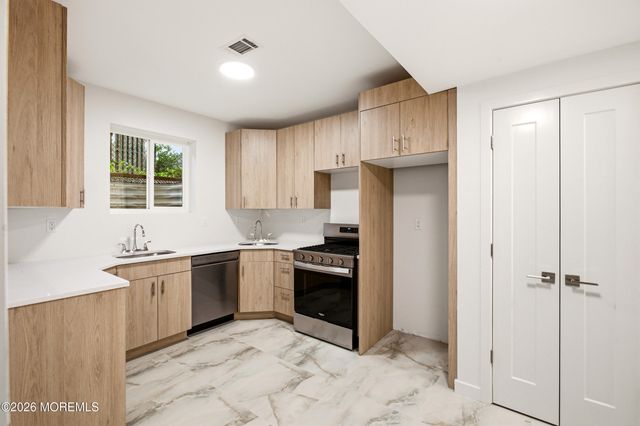 1501 Berkowitz Avenue, Lakewood, NJ 08701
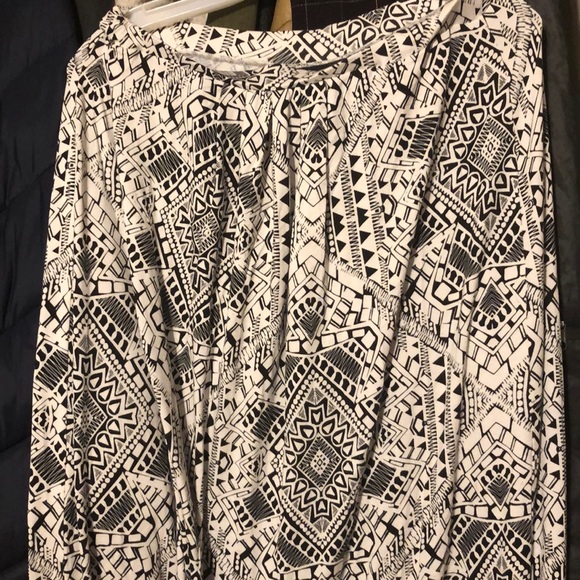 Black and white skirt - Picture 2 of 3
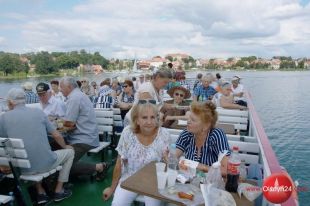 Parostatkiem piękny rejs...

**What is needed**
Write out the whole listing again, exactly, with no pictures.

**Answer area**
 1501 Berkowitz Avenue, Lakewood, NJ 08701
 Black and white skirt - Picture 2 of 3
 Parostatkiem piękny rejs...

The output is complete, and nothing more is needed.